Hilary Campbell’s Design Building Remodeling Program wins reaccreditation process
Photos and story by Janis Nichols
Hilary Campbell is not easily discouraged. Even though she’s the only full-time faculty member for the Design Building Remodeling Program (Building Construction Technology) based at the Rock Creek Campus, and only has been on campus for three years, she recently completed the reaccreditation process with a national accreditation team.
The National Kitchen & Bath Association (NKBA) is a critical partner to some 60,000 members who work in the kitchen and bath industry. It is the accrediting organization that bestows legitimacy and competency within kitchen and bath remodeling programs at a variety of institutions such as Boston Architectural College, Indiana State University, the University of Georgia, Virginia Tech, the Art Institute of Pittsburgh and PCC.
While Campbell was working her way through an already arduous process, the NKBA was undergoing its own identity shift that involved replacing the organization’s board and leadership team while reevaluating its own role in the industry. For Campbell, the NKBA’s reorganization meant that what should have been a six-month process took longer than two years to complete.
“Things were complicated from the start,” said Campbell. “The Building Construction Technology (BCT) Design Build Remodeling program at Rock Creek is the only one of its kind in the country that is certified through the NKBA combining design with hands-on construction training. The uniqueness of our program, along with the NKBA’s internal issues, made this reaccreditation process very difficult.”

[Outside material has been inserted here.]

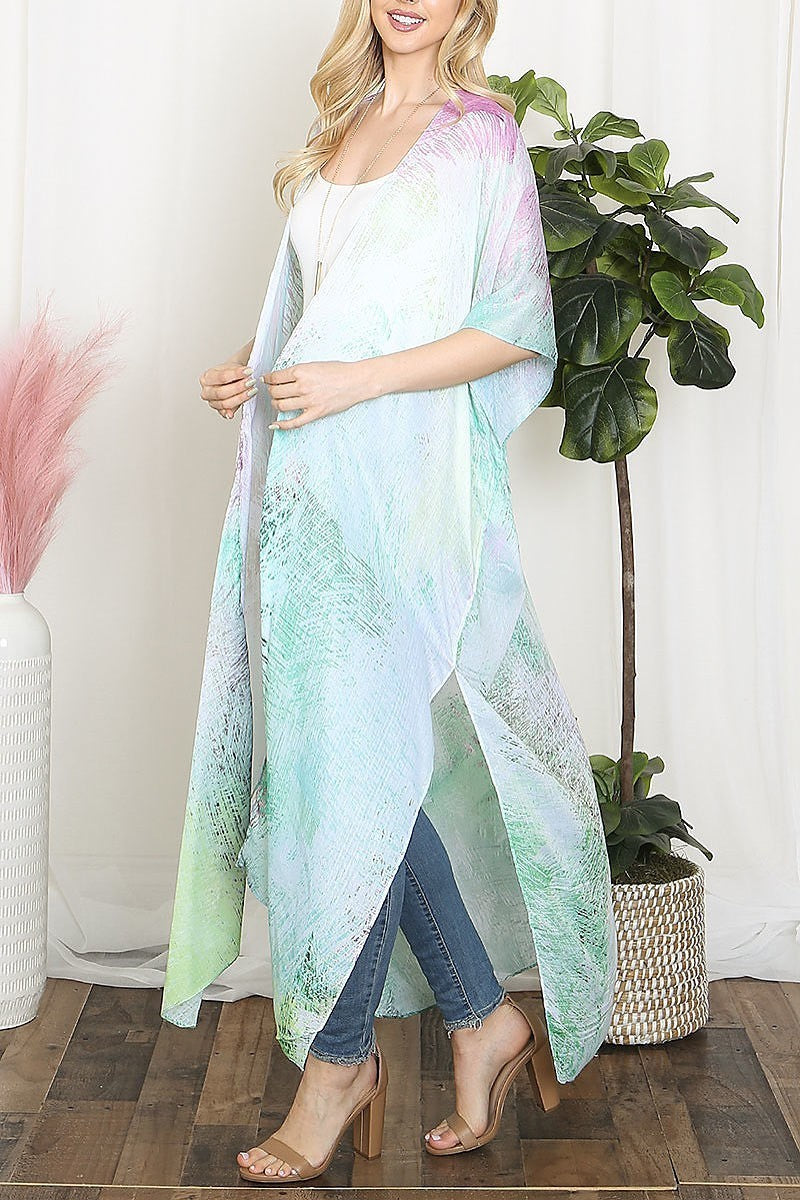 Tie dye multicolor splatter line print open front long kimono (EF5608)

Shannon Baird, BCT program’s co-chair, was quick to congratulate his colleague.
“After more than two years of extremely hard work, our program has been reaccredited,” he said. “This would not have happened without Hilary. The major changes that Hilary has made to the program were affirmed by the new leadership of the NKBA and held up as a model of where their own group would like to see institutions, such as community colleges, focus their efforts. Moving forward NKBA would like to focus on reducing the skilled labor shortage in their industry through hands-on programs like ours. Hilary and others in our department continue to reach out to high school and middle school students who are just deciding on future career paths.”
Baird added, “We are the only program of our kind connecting the NKBA with hands-on construction personnel. We are proud of the hard work that Hilary put in to secure this accreditation, including weathering a change in leadership within the NKBA itself.”

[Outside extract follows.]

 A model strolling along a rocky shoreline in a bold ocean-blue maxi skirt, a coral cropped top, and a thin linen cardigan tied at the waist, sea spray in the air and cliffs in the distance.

Last June, Rock Creek’s Design Build Remodeling student Stephanie Crosson was named the program’s Outstanding Student, an annual award sponsored through NKBA and SubZero-Wolf Appliances.
This fall, Campbell started her fourth year at the Rock Creek program. With the accreditation issue back in the box until its next renewal in 2023, she can now fully concentrate on student success. She is already focused on the 2017 National NKBA student competition. She has also been invited to discuss PCC’s Design Building Remodeling program and the current crisis for skilled labor in the industry at the NKBA convention.
Congratulations on the reaccreditation! I am so proud of my daughter, Hilary!